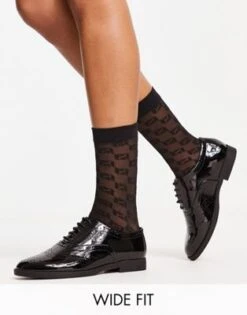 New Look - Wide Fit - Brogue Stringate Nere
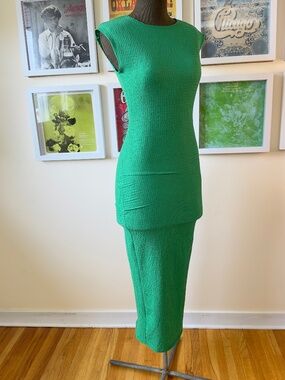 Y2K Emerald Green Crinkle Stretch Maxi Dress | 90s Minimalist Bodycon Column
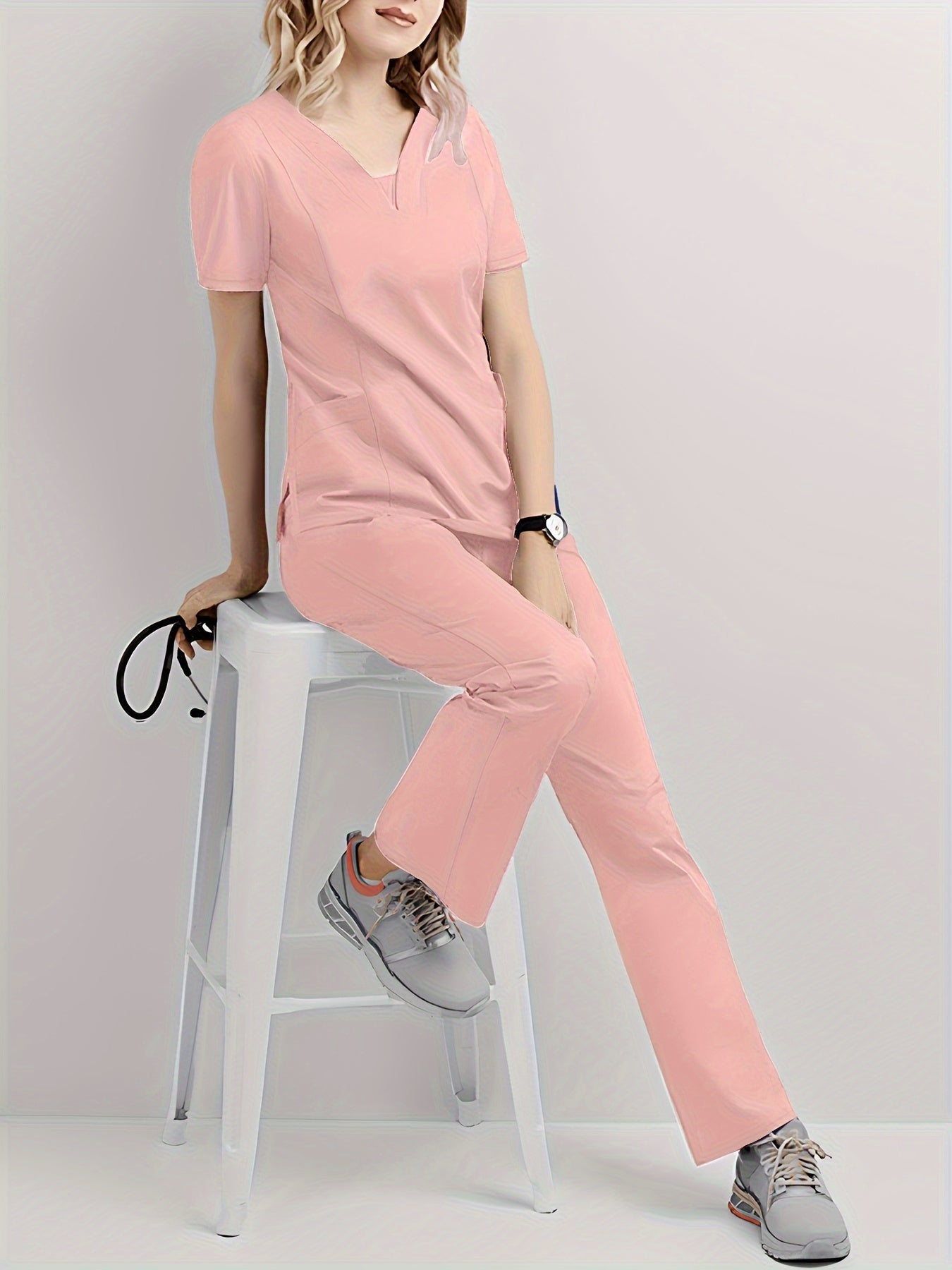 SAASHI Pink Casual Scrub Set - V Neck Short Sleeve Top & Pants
********************
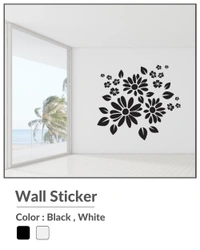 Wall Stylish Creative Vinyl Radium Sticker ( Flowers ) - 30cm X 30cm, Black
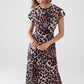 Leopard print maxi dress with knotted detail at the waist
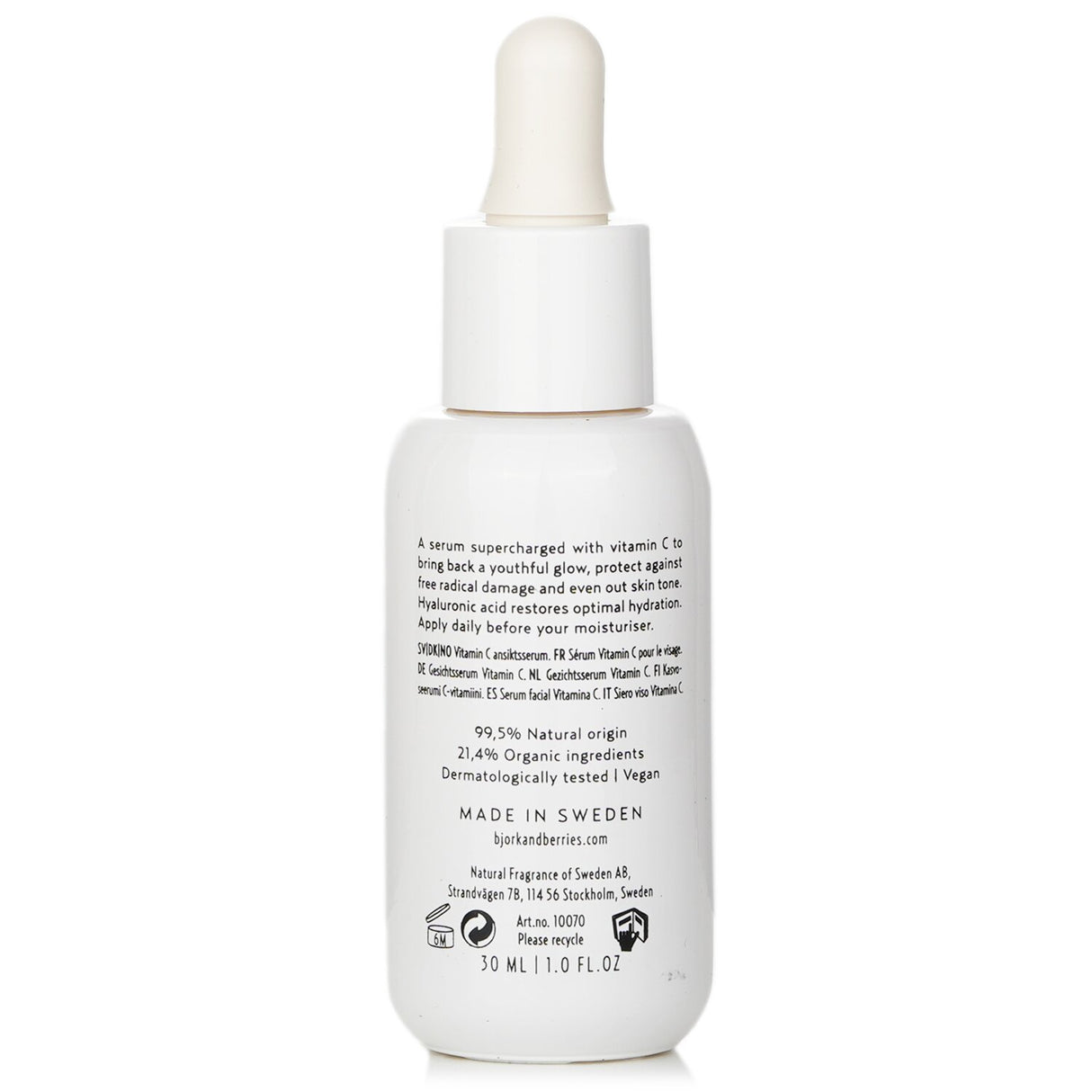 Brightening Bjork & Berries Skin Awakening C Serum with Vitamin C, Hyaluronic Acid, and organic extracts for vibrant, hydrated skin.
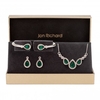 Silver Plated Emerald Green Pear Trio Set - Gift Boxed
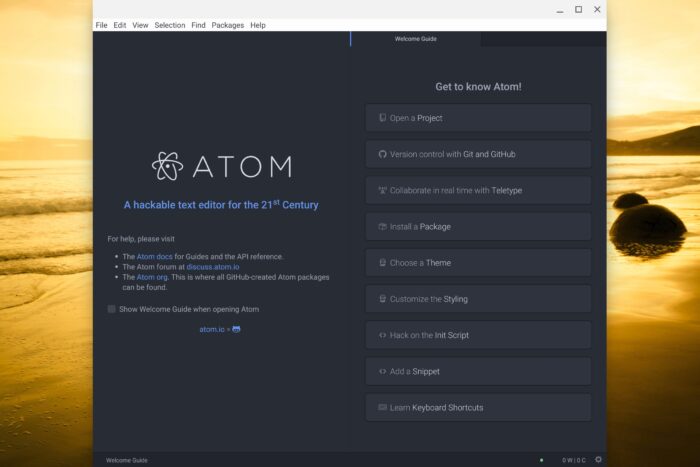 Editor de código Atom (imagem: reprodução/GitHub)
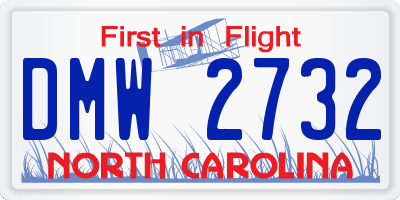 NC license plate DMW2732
********************
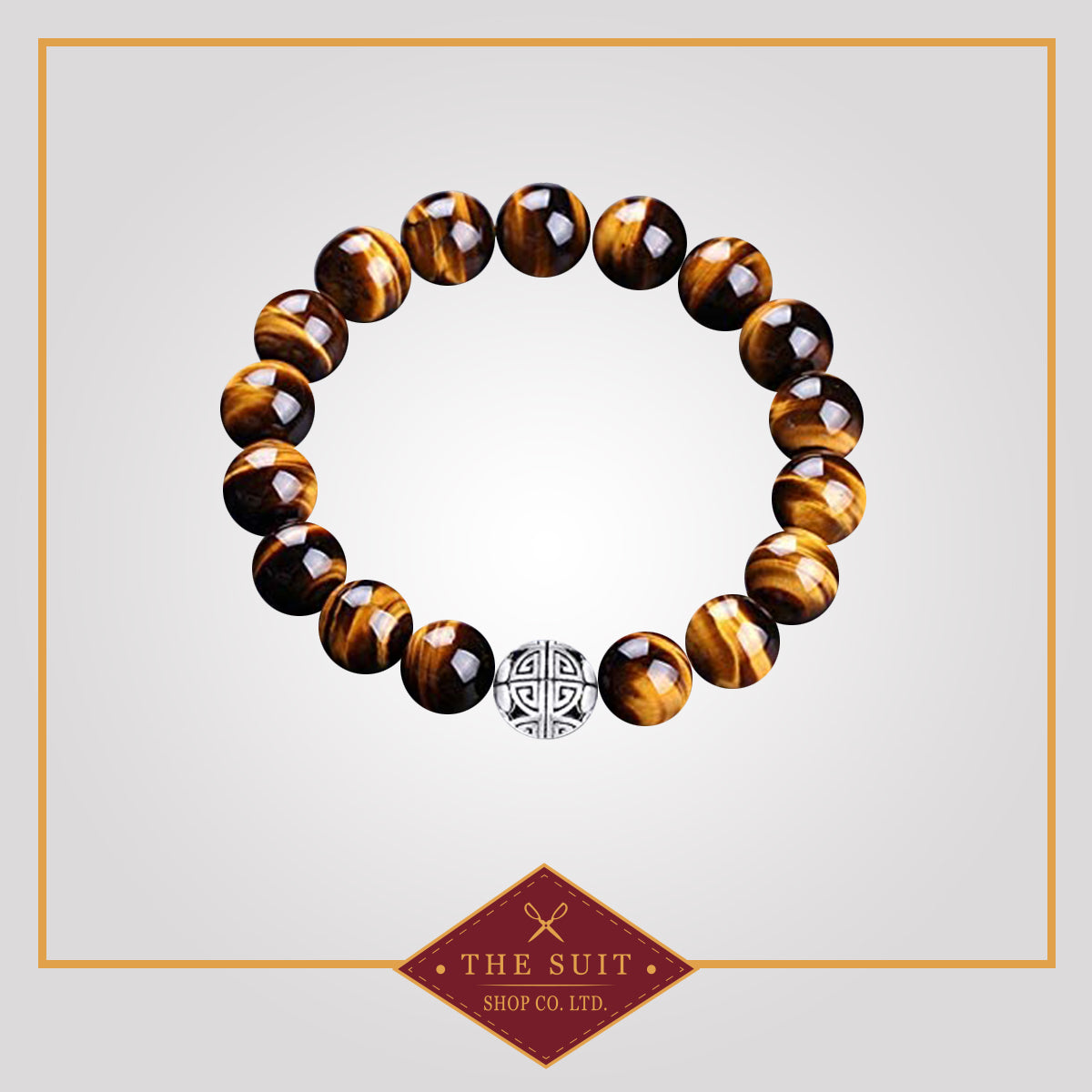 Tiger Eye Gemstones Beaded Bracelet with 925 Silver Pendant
********************
WHAT IS BEING ASKED » Copy everything above from the line holding "Editor de código" down to the line holding "NC license plate DMW2732", both ends included, exactly as it stands and without the pictures.

RESPONSE TO THE EXERCISE »
 Editor de código Atom (imagem: reprodução/GitHub)
 NC license plate DMW2732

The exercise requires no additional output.